Later that evening, our only night there, we went to dinner at La Tavern da Maurizio located on Rosa Marina Beach. Thankfully, we had reservations. Even in the late hour, it was packed, but then it was a Saturday night in the late summer with undoubtedly lots of Bari city dwellers down for the weekend. We sat outside on a patio under the stars and sipped our wine as we watched a specialist fillet cooked fish and arrange plates for their final presentation. Inside, a brick-lined pizza oven shimmered with intense heat as its perspiring attendants seemingly put in wood and miraculously withdrew scrumptious pizzas! A sinfully endless buffet table of unpronounceable creations lay nearby while a waiter in a red vest, hoisting a large fish into the air from an ice tray, patiently outlined its attributes to qualify it for consumption by a patron with a forefinger to his chin apparently in need of convincing. The owner, ever the past owner still apparently very much attached to the place or very lonely now without it, came by to inquire on our impressions of our meals and chat some. Delightfully engaging, this sensuous night of sights, delicious flavors, generous conversation and smells of sea and fish was as remarkable as the Trulli, indeed Trulli magnificent.

Oh, and what about the incident with gas-cap cover, you may ask?
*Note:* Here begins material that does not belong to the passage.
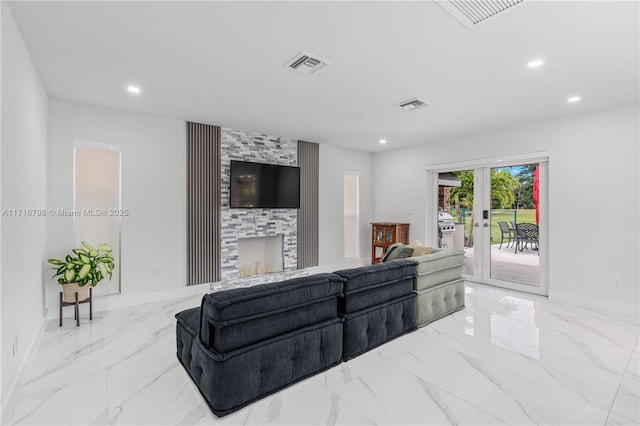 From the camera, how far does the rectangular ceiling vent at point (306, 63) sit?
265cm

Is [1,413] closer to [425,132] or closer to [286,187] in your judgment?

Now there is a story I will never freely relate only to say here and now that I got it fixed later-on but not before much drama, skullduggery and incessant prayers for miraculous intervention! Though Christian, I do not see myself as an obsessive one and remain, after all, but a sinner. Today, my entreaties with respect to this incident fall into the category of prayers for forgiveness on the same order, I’m guessing, as those of the early Trulli owners busy going about reassembling their conical rooftops!

Divertiti, la vita รจ buono!

Paolo

For related photos, click here on Eyes Over Italy. Look for and click on a photo album entitled “Trulli”.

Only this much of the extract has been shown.